(INSTRUCTIONS FOR THE TASK)
Copy out all the entries word for word.

WORKING DATA section start

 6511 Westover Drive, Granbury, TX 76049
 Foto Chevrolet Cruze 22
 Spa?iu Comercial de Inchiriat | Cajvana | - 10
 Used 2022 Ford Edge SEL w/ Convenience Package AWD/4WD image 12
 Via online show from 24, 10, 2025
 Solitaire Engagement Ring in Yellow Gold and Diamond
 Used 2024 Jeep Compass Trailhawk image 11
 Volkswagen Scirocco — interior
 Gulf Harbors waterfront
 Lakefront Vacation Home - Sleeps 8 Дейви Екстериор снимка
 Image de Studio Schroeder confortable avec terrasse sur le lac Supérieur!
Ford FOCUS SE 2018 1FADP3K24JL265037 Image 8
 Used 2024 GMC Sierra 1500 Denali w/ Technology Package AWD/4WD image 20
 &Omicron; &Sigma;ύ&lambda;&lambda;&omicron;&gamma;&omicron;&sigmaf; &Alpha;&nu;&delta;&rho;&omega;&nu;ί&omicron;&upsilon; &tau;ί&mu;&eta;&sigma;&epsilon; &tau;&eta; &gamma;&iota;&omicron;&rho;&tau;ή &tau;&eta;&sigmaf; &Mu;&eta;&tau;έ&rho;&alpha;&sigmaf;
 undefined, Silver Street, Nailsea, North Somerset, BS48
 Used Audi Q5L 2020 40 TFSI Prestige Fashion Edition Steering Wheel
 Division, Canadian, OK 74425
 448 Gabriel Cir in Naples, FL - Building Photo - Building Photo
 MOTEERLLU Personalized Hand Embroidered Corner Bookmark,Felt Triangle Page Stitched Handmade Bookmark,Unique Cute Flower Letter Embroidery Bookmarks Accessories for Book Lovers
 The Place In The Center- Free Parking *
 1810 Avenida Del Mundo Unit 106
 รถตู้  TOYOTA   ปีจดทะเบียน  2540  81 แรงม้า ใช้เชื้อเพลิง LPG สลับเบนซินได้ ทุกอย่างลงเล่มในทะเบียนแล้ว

WORKING DATA section end

(SOLUTION FOR THIS TASK)
 6511 Westover Drive, Granbury, TX 76049
 Foto Chevrolet Cruze 22
 Spa?iu Comercial de Inchiriat | Cajvana | - 10
 Used 2022 Ford Edge SEL w/ Convenience Package AWD/4WD image 12
 Via online show from 24, 10, 2025
 Solitaire Engagement Ring in Yellow Gold and Diamond
 Used 2024 Jeep Compass Trailhawk image 11
 Volkswagen Scirocco — interior
 Gulf Harbors waterfront
 Lakefront Vacation Home - Sleeps 8 Дейви Екстериор снимка
 Image de Studio Schroeder confortable avec terrasse sur le lac Supérieur!
Ford FOCUS SE 2018 1FADP3K24JL265037 Image 8
 Used 2024 GMC Sierra 1500 Denali w/ Technology Package AWD/4WD image 20
 &Omicron; &Sigma;ύ&lambda;&lambda;&omicron;&gamma;&omicron;&sigmaf; &Alpha;&nu;&delta;&rho;&omega;&nu;ί&omicron;&upsilon; &tau;ί&mu;&eta;&sigma;&epsilon; &tau;&eta; &gamma;&iota;&omicron;&rho;&tau;ή &tau;&eta;&sigmaf; &Mu;&eta;&tau;έ&rho;&alpha;&sigmaf;
 undefined, Silver Street, Nailsea, North Somerset, BS48
 Used Audi Q5L 2020 40 TFSI Prestige Fashion Edition Steering Wheel
 Division, Canadian, OK 74425
 448 Gabriel Cir in Naples, FL - Building Photo - Building Photo
 MOTEERLLU Personalized Hand Embroidered Corner Bookmark,Felt Triangle Page Stitched Handmade Bookmark,Unique Cute Flower Letter Embroidery Bookmarks Accessories for Book Lovers
 The Place In The Center- Free Parking *
 1810 Avenida Del Mundo Unit 106
 รถตู้  TOYOTA   ปีจดทะเบียน  2540  81 แรงม้า ใช้เชื้อเพลิง LPG สลับเบนซินได้ ทุกอย่างลงเล่มในทะเบียนแล้ว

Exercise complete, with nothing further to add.